The Mars Ice Mapper mission will aim to detect the location, depth, spatial extent, and the abundance of near-surface ice deposits.
NASA and three international partners have signed a statement of intent to advance a possible robotic Mars ice mapping mission to search for ice deposits under the surface of Mars. It could help identify abundant, accessible ice for future candidate landing sites on the Red Planet.
Under the statement, NASA, the Italian Space Agency, the Canadian Space Agency and the Japan Aerospace Exploration Agency announced their intention to develop a mission plan and define their potential roles and responsibilities. If the concept moves forward, the mission could be ready to launch as early as 2026.
The international Mars Ice Mapper mission will detect the location, depth, spatial extent, and abundance of near-surface ice deposits, which will enable the science community to interpret a more detailed volatile history of Mars.

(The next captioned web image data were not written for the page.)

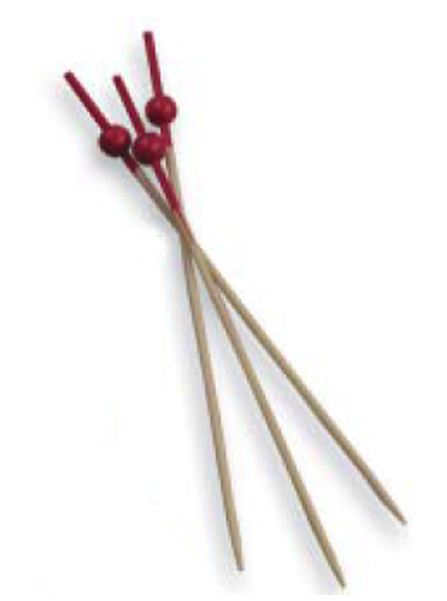 Prikker met Rode Bal 12cm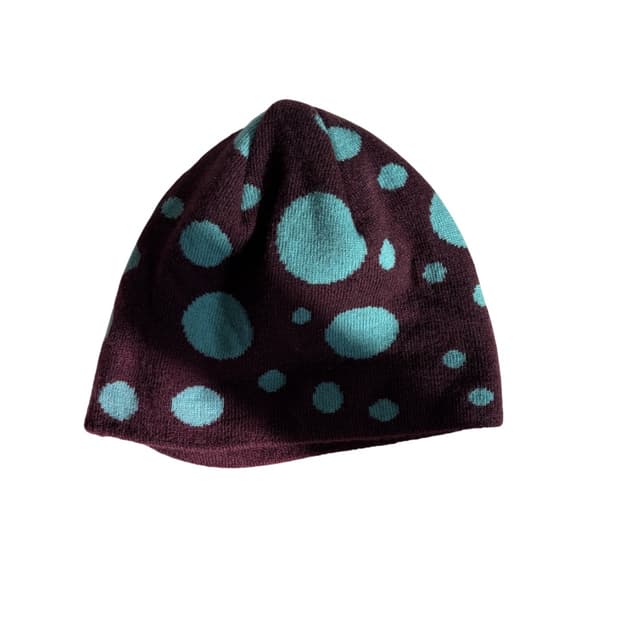 폴카 도트 비니 민트 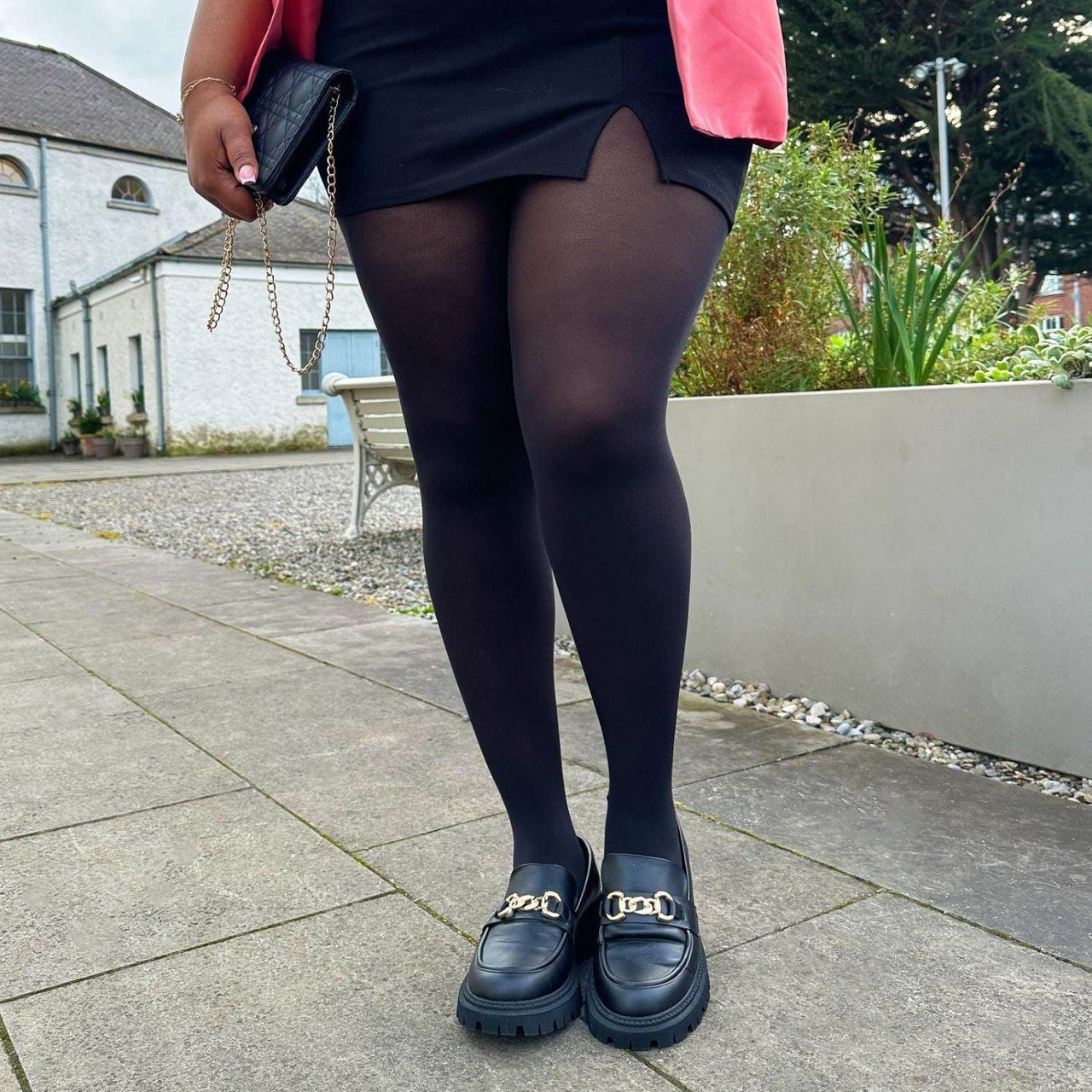PM50Denier Capri Tights with Lace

The radar-carrying orbiter would also help identify properties of the dust, loose rocky material and rock layers that might impact the ability to access ice.
The ice-mapping mission could help the agency identify potential science objectives for initial human missions to Mars, which are expected to be designed for about 30 days of exploration on the surface.
Mars Ice Mapper also could provide a map of water-ice resources for later human missions with longer surface expeditions, as well as help meet exploration engineering constraints, such as avoidance of rock and terrain hazards.
Speaking about the partnership, Jim Watzin, NASAs senior advisor for agency architectures and mission alignment, said: This innovative partnership model for Mars Ice Mapper combines our global experience and allows for cost-sharing across the board to make this mission more feasible for all interested parties. Human and robotic exploration go hand in hand, with the latter helping pave the way for smarter, safer human missions farther into the solar system. Together, we can help prepare humanity for our next giant leap the first human mission to Mars.
As the mission concept evolves, there may be opportunities for other space agency and commercial partners to join the mission.